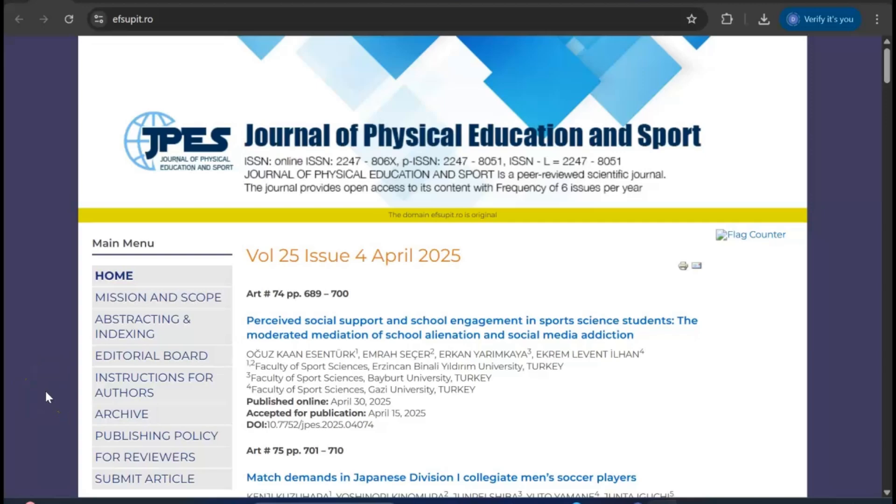Welcome to my channel, Dr. Munshi Nasir, ScaleTone. How are you, my dear learners? In this video, I'm going to share a few fantastic, fast, low-paid Scopus and Web of Science index journals specially for the young researchers.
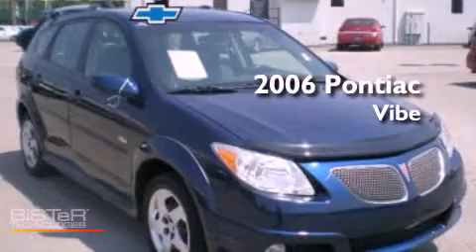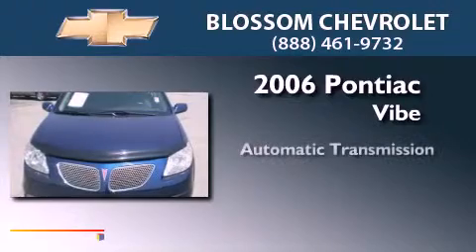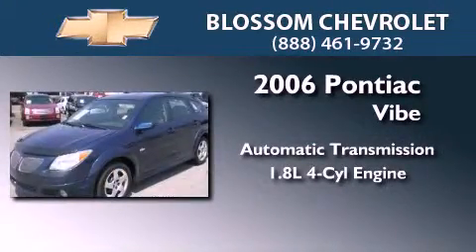This is a 2006 Pontiac Vibe. This compact has an automatic transmission and an inline four-cylinder engine.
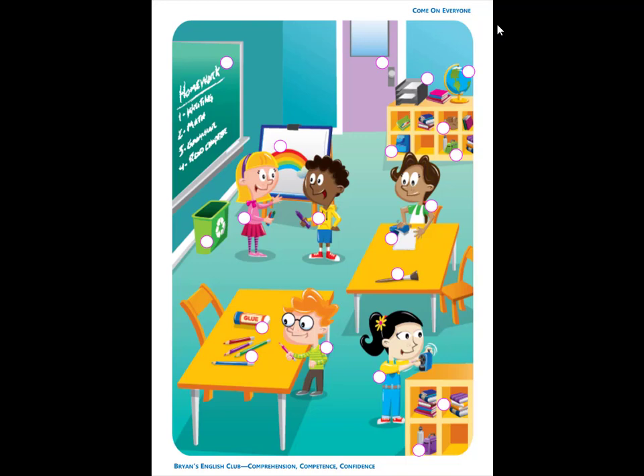Number 1. He is Tim. Tim is standing next to the table. Tim has a pink colored pencil.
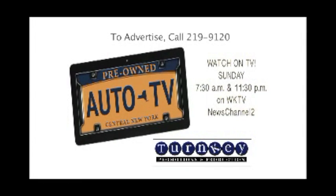Thanks for watching Pre-Owned Auto TV. Every Sunday at 7:30 a.m. and 11:30 p.m. on WKTV. Pre-Owned Auto TV is produced by Turnkey Promotions and Productions.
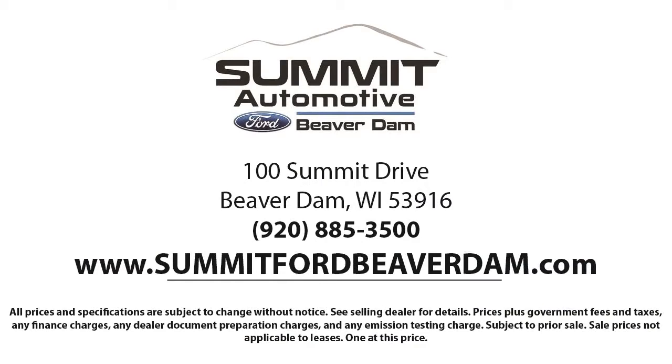Here at Summit Ford, we always strive to deliver a first-class car shopping experience, and we'll show you how much you mean to us as our valued customers. We offer a variety of financing services, so you can get the vehicle you want without a problem.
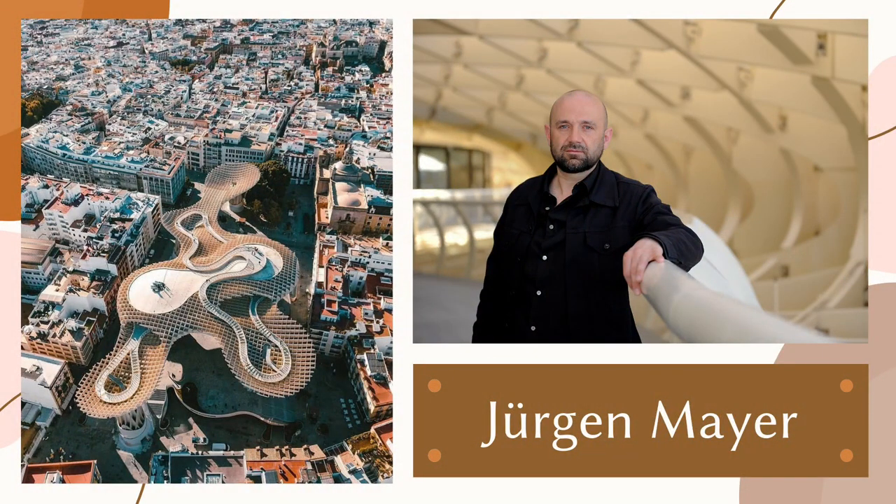It was the winning project in the competition opened by the City Council to carry out the renovation of Plaza de la Encarnacion. Its designer was the architect from Berlin, Jurgen Mayer.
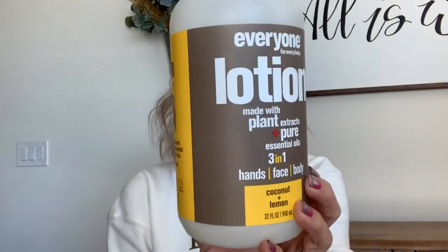I have a full bucket. This first one is the Everyone brand lotion, coconut lemon scent - the three-in-one hands, face, and body lotion. This is a pretty big size, 32 fluid ounces. I picked this up at Walmart where I found it to be most affordable - under $10 for 32 ounces. I usually pick a couple up for my house, one for my kids' bathroom and one for mine. I really love this one. They are a B Corp, cruelty-free, no synthetic fragrances, and paraben-free.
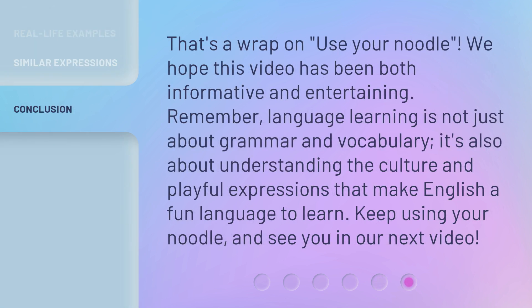That's a wrap on 'use your noodle.' We hope this video has been both informative and entertaining. Remember, language learning is not just about grammar and vocabulary — it's also about understanding the culture and playful expressions that make English a fun language to learn. Keep using your noodle, and see you in our next video.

____________________

• **Exercise goal**
Every line of the records above should be reproduced exactly, with no pictures included.

• **Exercise solution**
Welcome to my channel, Dr. Munshi Nasir, ScaleTone. How are you, my dear learners? In this video, I'm going to share a few fantastic, fast, low-paid Scopus and Web of Science index journals specially for the young researchers.
This is a 2006 Pontiac Vibe. This compact has an automatic transmission and an inline four-cylinder engine.
Number 1. He is Tim. Tim is standing next to the table. Tim has a pink colored pencil.
Thanks for watching Pre-Owned Auto TV. Every Sunday at 7:30 a.m. and 11:30 p.m. on WKTV. Pre-Owned Auto TV is produced by Turnkey Promotions and Productions.
Here at Summit Ford, we always strive to deliver a first-class car shopping experience, and we'll show you how much you mean to us as our valued customers. We offer a variety of financing services, so you can get the vehicle you want without a problem.
It was the winning project in the competition opened by the City Council to carry out the renovation of Plaza de la Encarnacion. Its designer was the architect from Berlin, Jurgen Mayer.
I have a full bucket. This first one is the Everyone brand lotion, coconut lemon scent - the three-in-one hands, face, and body lotion. This is a pretty big size, 32 fluid ounces. I picked this up at Walmart where I found it to be most affordable - under $10 for 32 ounces. I usually pick a couple up for my house, one for my kids' bathroom and one for mine. I really love this one. They are a B Corp, cruelty-free, no synthetic fragrances, and paraben-free.
That's a wrap on 'use your noodle.' We hope this video has been both informative and entertaining. Remember, language learning is not just about grammar and vocabulary — it's also about understanding the culture and playful expressions that make English a fun language to learn. Keep using your noodle, and see you in our next video.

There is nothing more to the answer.